§ **Data extract**:

┌──

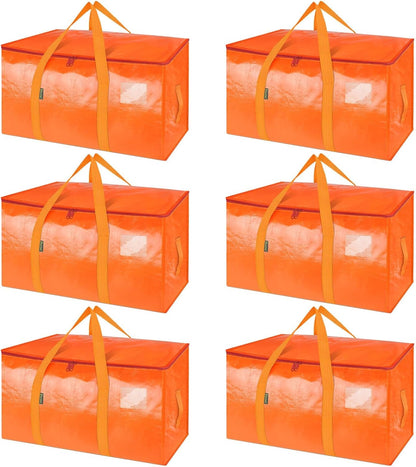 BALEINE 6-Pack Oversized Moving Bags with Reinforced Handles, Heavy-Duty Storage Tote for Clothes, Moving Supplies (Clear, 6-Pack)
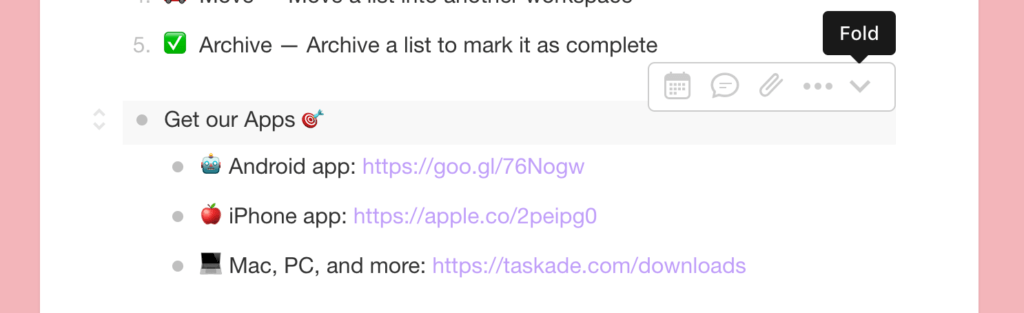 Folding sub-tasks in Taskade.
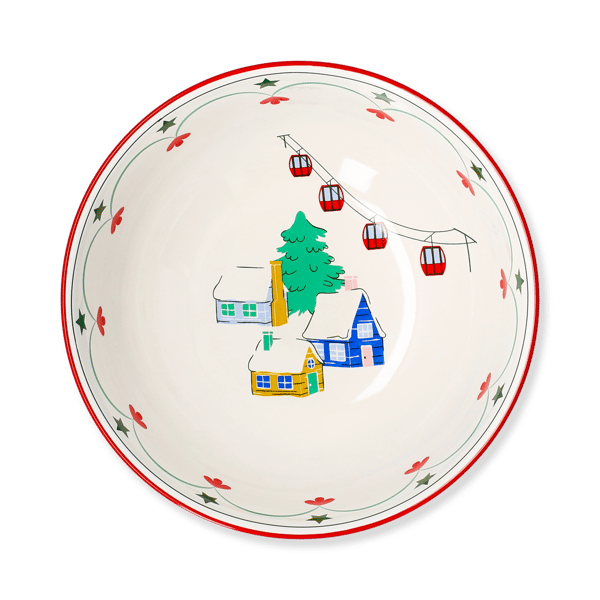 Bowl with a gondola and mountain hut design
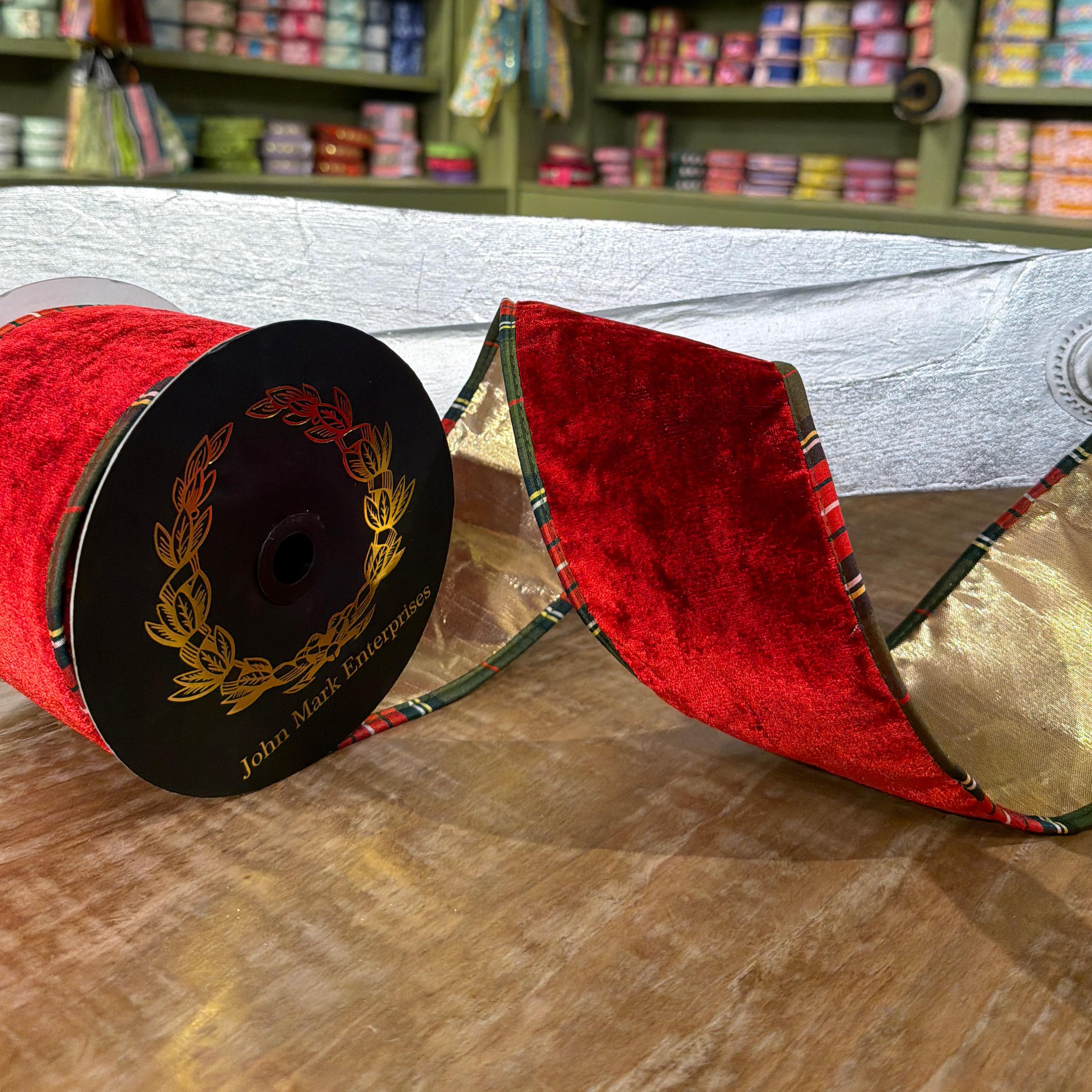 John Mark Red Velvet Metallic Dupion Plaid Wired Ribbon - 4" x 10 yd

└──

An exact copy of every line above is needed, without the images.

 BALEINE 6-Pack Oversized Moving Bags with Reinforced Handles, Heavy-Duty Storage Tote for Clothes, Moving Supplies (Clear, 6-Pack)
 Folding sub-tasks in Taskade.
 Bowl with a gondola and mountain hut design
 John Mark Red Velvet Metallic Dupion Plaid Wired Ribbon - 4" x 10 yd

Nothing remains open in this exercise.